The lessons and points of interest
The first lesson of the case is that price fixing will be punished harshly. While some "credit" was given to several airlines for cooperating with the investigation once implicated, the high level of fines indicates the continued seriousness with which price fixing is punished by EU regulators (as it is also by US regulators). The total fines imposed in the US and the EU, as well as the damages agreed in civil litigation, amount to a staggering £2 billion. This huge sum must exceed any illicit gains made by the cartel participants and brings into question the suitability of such punishment on an industry where profitability is at best thin.
Another important lesson is the requirement for independence of pricing strategy.
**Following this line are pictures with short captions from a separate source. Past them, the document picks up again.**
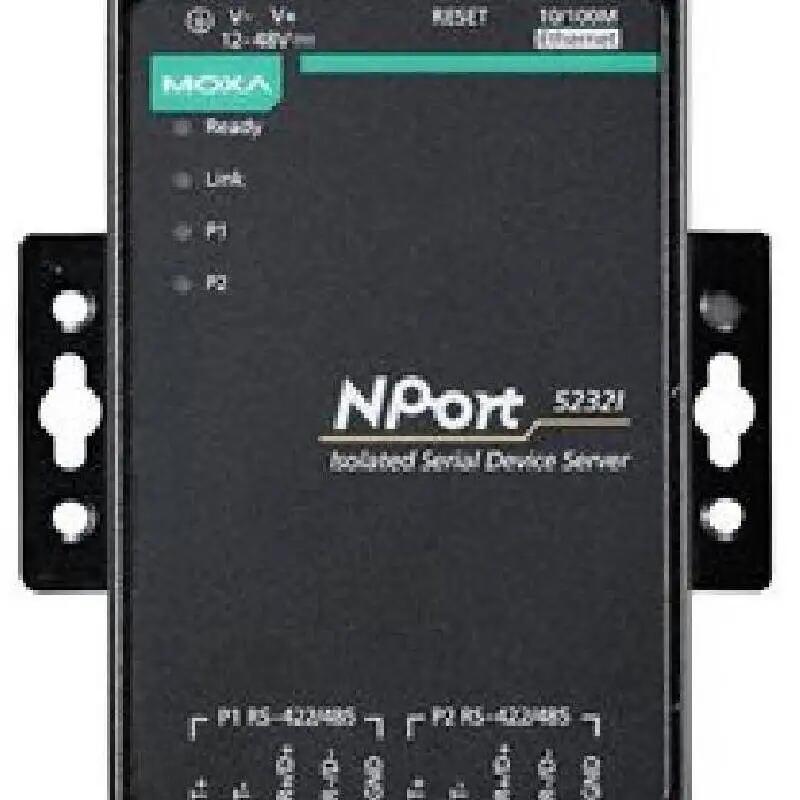 Moxa NPort5210 NPort5210-T NPort5230 2端口串口服務(wù)器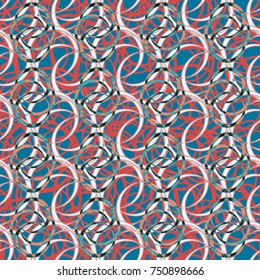 Abstract color seamless pattern for new background.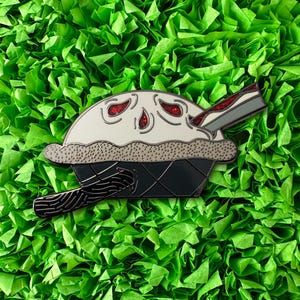 Bloody Meat Pie Enamel Pin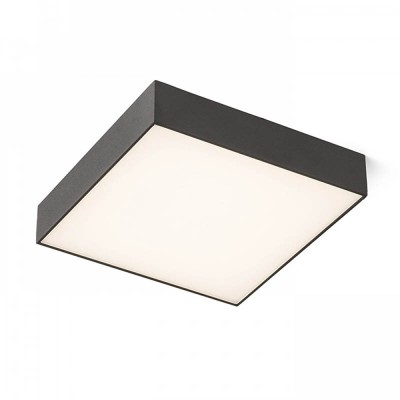 LARISA SQ 30 Stropní, přisazené svítidlo, těleso kov, povrch černá, difuzor plast opál, LED 30W, 2400lm, přepínač CCT teplá 3000K/neutrální 4000K/denní 6000K, Ra80, stmívat TRIAC, 230V, IP20, rozměry 300x300x58mm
A common practice in the airline industry is "follow the leader" pricing with rates being set by reference to pricing announcements of a perceived market leader. A key lesson is that market leaders must ensure that the timing and format of any announcement is not designed to influence the conduct of other smaller market players. Equally, market "followers" must also ensure that their pricing decisions are demonstrably independent, keeping proper records to prove that their decisions were made independently.
A controversial feature of the decision is the Commission's calculation of fines partly by reference to services sold to customers located outside the EU and therefore beyond EU jurisdiction. In recognition of this, the Commission took into consideration 50% of the turnover achieved on EU third country routes in calculating the fines. That 50% figure appears arbitrary and no doubt will be subject to appeals.
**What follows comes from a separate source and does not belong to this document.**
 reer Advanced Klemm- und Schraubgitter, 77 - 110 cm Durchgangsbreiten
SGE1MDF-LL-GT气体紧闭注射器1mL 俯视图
An interesting element of the case was the involvement of a consultancy firm as a defendant, although charges against it were dropped in the final decision. In recent times, the Commission has shown an increasing interest in third party "intermediaries" suspected of facilitating cartel conduct. Thus, in its Guidelines on Horizontal Agreements of January 2011, the Commission specifically highlights the dangers of "sharing of data between competitors through a common agency (eg, a trade association) or a third party", giving "a market research organisation" as an example of the latter (see paragraph 105 of the Guidelines). Compliance officers in transport companies should ensure contacts with, or information supplied to, industry advisory entities is made with the strictest regard for EU competition law.
The final important lesson of the case is the need for rigorous compliance in any alliance meetings. Significantly, in announcing the decision, Commissioner Almunia recognised that coordination on surcharges could be part of legitimate airline alliance discussions, and said that such contacts were "ignored... for the purposes of this Decision". However, while accepting that surcharge coordination might be permissible alliance activity, the Commission found that there were also pricing discussions between alliance members which breached EU law. As the Commissioner warned: "the existence of an alliance agreement cannot give a blank cheque for naked price coordination among the members."
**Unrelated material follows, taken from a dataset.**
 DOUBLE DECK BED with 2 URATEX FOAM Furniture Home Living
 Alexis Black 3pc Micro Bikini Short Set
The air cargo case has also been a reminder that EU competition law became fully applicable to routes between the EU and non-EU states from 1 May 2004 onwards. Airlines face higher risks because of their international operations both from parallel investigations by EU and non-EU competition regulators, who cooperate extensively and exchange information when investigating international cartels, as well as from civil claims in a number of countries. While in the US and in the EU airlines are more accustomed to competition law, many airlines whose countries do not even have competition law have now vividly been reminded of the importance, and application to them, of EU and US competition law.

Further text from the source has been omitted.